Brad Friedel gives instructions to New England Revolution's Teal Bunbury and Diego Fagundez. | USA Today Sports Images
The man who’s made more Premier League appearances than any other American – 450, a mark unlikely to ever be touched – and worked under luminaries like Gerard Houllier, Harry Redknapp and Mauricio Pochettino clearly has a vision of how the game should be played, based on an up-tempo, pressing-oriented philosophy. He’d like to transmit some of what he learned in England to the United States, but he has little patience for even a hint of the complacency he fended off for nearly two decades at the top.

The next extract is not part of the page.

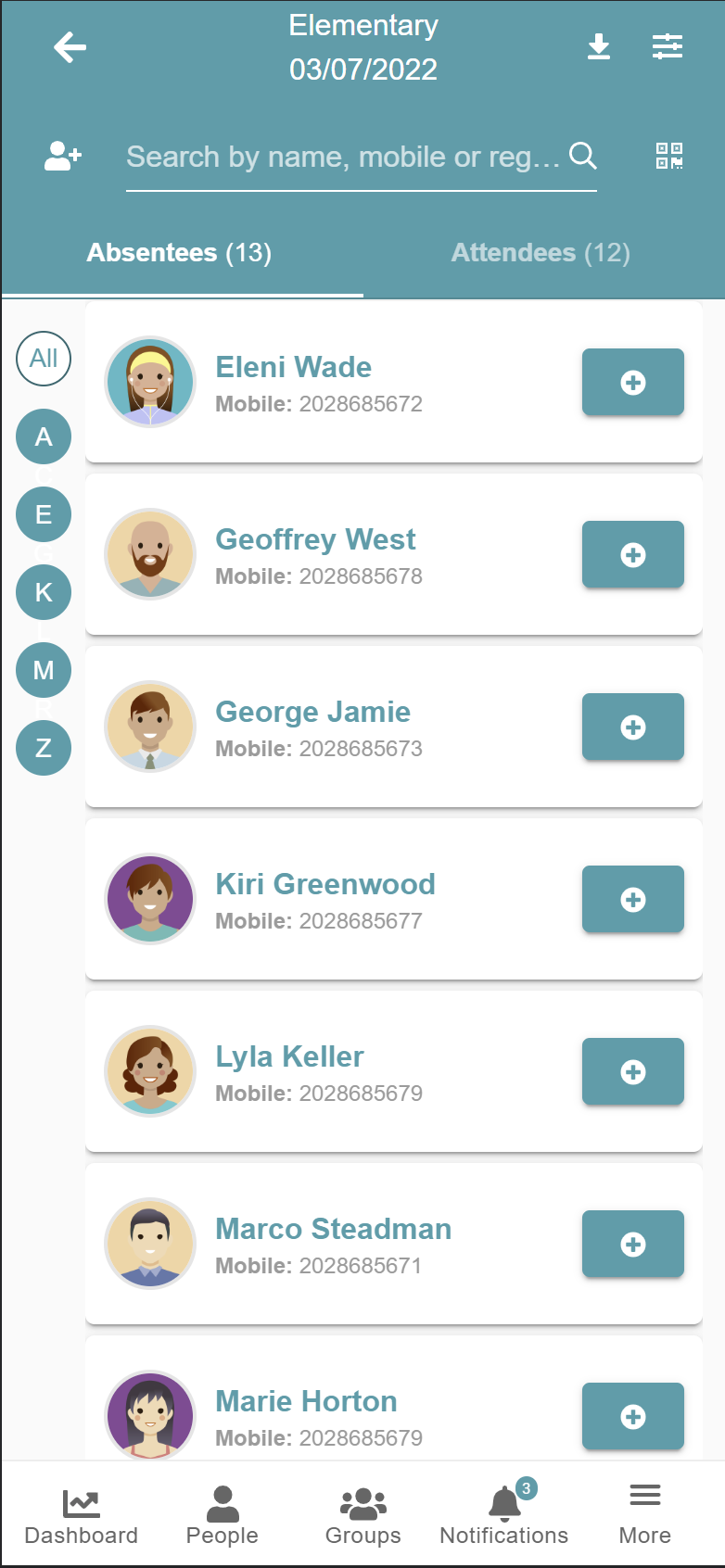 screenshot of Chmeetings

“There were players that turned up every single day and gave their all,” he said. “But there was also the element that wanted to turn up as late as they possibly could and leave as early as they could, and have this job be sort of an hour-and-a-half to two-hours-a-day job. And that's not really what soccer has turned into.”
So for now Friedel’s journey will take him in a different direction, along a different route to help American soccer and its rising crops of young talent.
“I have to say I'm really happy doing what I'm doing right now,” Friedel said. “It's another learning curve, it’s another area that I probably never thought I would be getting into.”